Calculating mean and log priors for each class



In [7]:

    
# calculate means for all numbers
mean = [np.mean(num_arrays[i], axis=0) for i in range(10)]

# calculate log priors for all numbers
logpriors = np.array([np.log(i.shape[0]/trainX.shape[0]) for i in num_arrays])

# print mean for each number
mu.show_nums(np.array(mean), nrow=2, xsize=5, ysize=5)









    Out[7]:





<matplotlib.image.AxesImage at 0x1c5526d3a90>



In [8]:

    
# predict test data with distributions for each number
def predict_nums(dists, test):
    res = []
    for t in test:
        # find number with highest logpdf
        argmax = np.argmax([logpriors[i] + pdf.logpdf(t) for i, pdf in enumerate(dists)])
        res.append(argmax)
    return res



In [9]:

    
# find the incorrectly labeled numbers
def find_wrong(data, labels, pred):
    # sort data and merge it into one array
    data = mu.get_all_nums(data, labels)
    data = np.vstack(data)
    
    # sort labels and predictions
    stack = np.array(list(zip(labels,pred)))
    stack = stack[stack[:,0].argsort(kind='mergesort')]
    # return the incorrectly labeled numbers
    return data[np.where(stack[:,0] != stack[:,1])]

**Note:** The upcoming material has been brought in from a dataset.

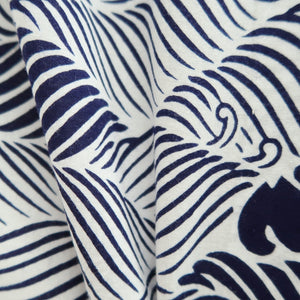 Yukata Vintage(1950-1980) White Navy Wave Cotton #10490B1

Classifying MNIST Test Data with identity matrix as covariance



In [10]:

    
# calculate pdf's for all numbers
p_id  = [multivariate_normal(mean=mean[i], cov=1) for i in range(10)]

# predict test data
result_id = predict_nums(p_id, testX)



In [11]:

    
# calculate zero-one-loss
loss_id  = zero_one_loss(testY, result_id)
print("Loss Id:  {}".format(loss_id))

# calculate confusion matrix
cm_id  = confusion_matrix(testY, result_id)

# print confusion matrix
mu.plot_confusion_matrix(cm_id, title='Confusion Matrix ID', classes=classes)









    



Loss Id:  0.17969999999999997



In [12]:

    
# show wrong classified numbers
wrong_id = find_wrong(testX, testY, result_id)
mu.show_nums(wrong_id)
print(wrong_id.shape)









    



(1797, 784)

Classifying MNIST Test Data with variance * identity matrix as covariance



In [13]:

    
# calculate variance
sigma_var = [np.var(num_arrays[i]) for i in range(10)]

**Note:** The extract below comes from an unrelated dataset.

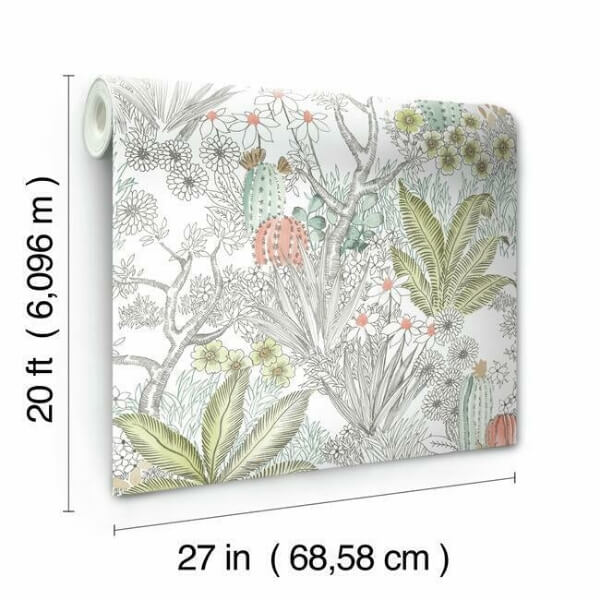 Flowering Desert Grey Peel & Stick Wallpaper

# calculate pdf's for all numbers
p_var = [multivariate_normal(mean=mean[i], cov=sigma_var[i]) for i in range(10)]

# predict test data
result_var = predict_nums(p_var, testX)



In [14]:

    
# calculate zero-one-loss
loss_var = zero_one_loss(testY, result_var)
print("Loss Var: {}".format(loss_var))

# calculate confusion matrix
cm_var = confusion_matrix(testY, result_var)

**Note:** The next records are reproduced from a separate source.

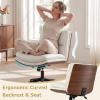 Giantex Armless Office Chair with Wheels, PU Leather Height Adjustable Vanity Chair w/Curved Backrest, Mid-Back Criss Cross 360° Swivel Ergonomic Computer Desk Chair for Home Office & Bedroom (White)(White)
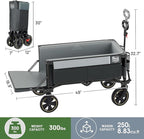 TIMBER RIDGE 49" Extra Long Collapsible Folding Wagon with Tailgate and Brakes, 250L Capacity All-Terrain Wagon Carts Foldable, 300lbs Portable Cart for Dog, Garden, Outdoor Camping Sports, Grey
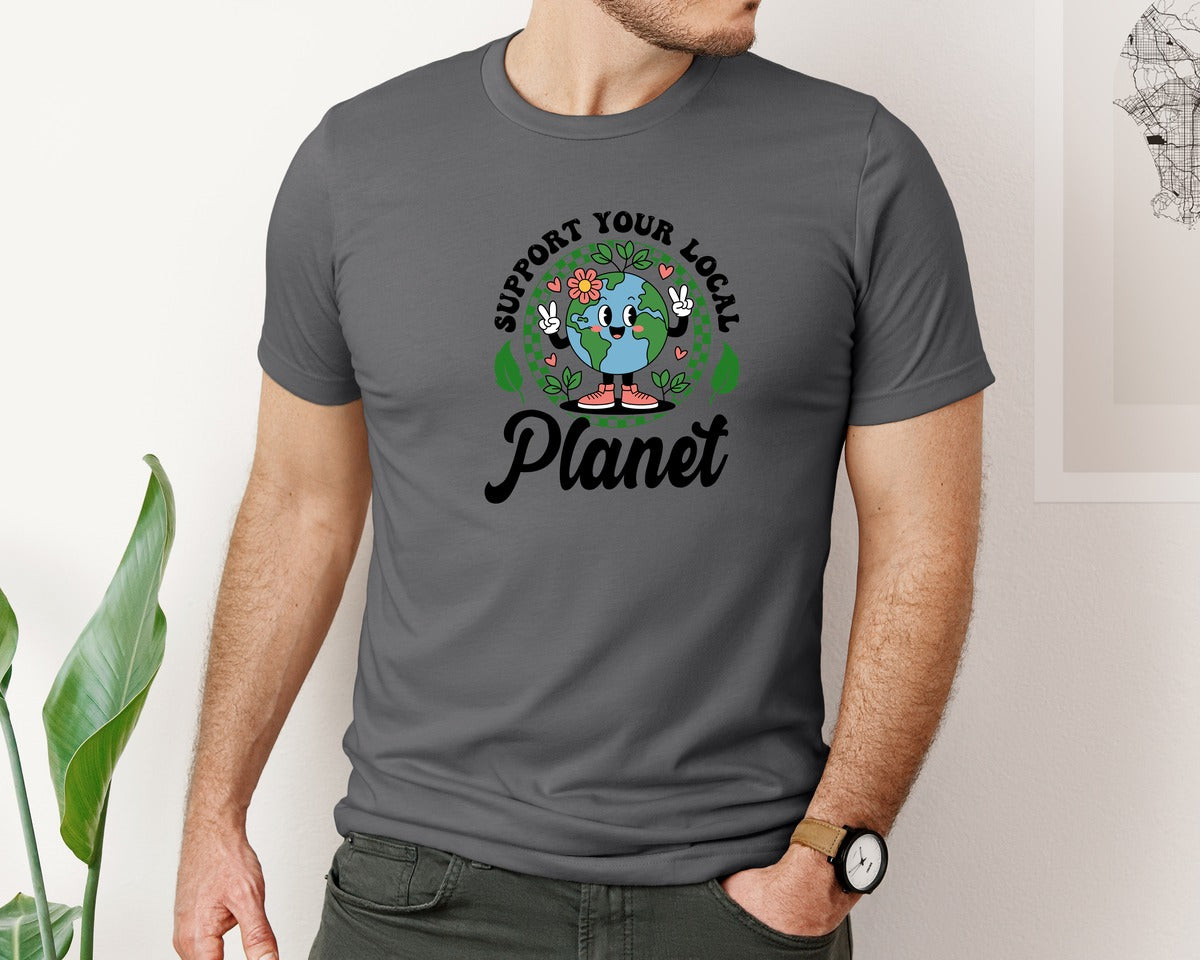 brand:Bella Canvas|color:Asphalt|Earth Day Support Your Local Planet 2 Graphic T-Shirt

# print confusion matrix for sigma = var * I
mu.plot_confusion_matrix(cm_var, title='Confusion Matrix Var', classes=classes)









    



Loss Var: 0.22450000000000003



In [15]:

    
# show wrong classified numbers
wrong_var = find_wrong(testX, testY, result_var)
mu.show_nums(wrong_var)
print(wrong_var.shape)









    



(2245, 784)

Classifying MNIST Test Data with variance pixelwise



In [16]:

    
# calculate variance for each pixel
sigma_var2 = [np.var(num_arrays[i], axis=0) for i in range(10)]
identity = np.eye(testX.shape[1])

# calculate pdf's for all numbers
p_var2 = [multivariate_normal(mean=mean[i], cov=sigma_var2[i] @ identity, allow_singular=True) for i in range(10)]

# predict test data
result_var2 = predict_nums(p_var2, testX)



In [17]:

    
# calculate zero-one-loss
loss_var2 = zero_one_loss(testY, result_var2)
print("Loss Var2: {}".format(loss_var2))

# calculate confusion matrix
cm_var2 = confusion_matrix(testY, result_var2)

# print confusion matrix for sigma = covariance matrix
mu.plot_confusion_matrix(cm_var2, title='Confusion Matrix Var per pixel', classes=classes)









    



Loss Var2: 0.3517



In [18]:

    
# show wrong classified numbers
wrong_var2 = find_wrong(testX, testY, result_var2)
mu.show_nums(wrong_var2)
print(wrong_var2.shape)









    



(3517, 784)

Classifying MNIST Test Data with covariance



In [19]:

    
# calculate covariance
sigma_cov = [np.cov(num_arrays[i].T) for i in range(10)]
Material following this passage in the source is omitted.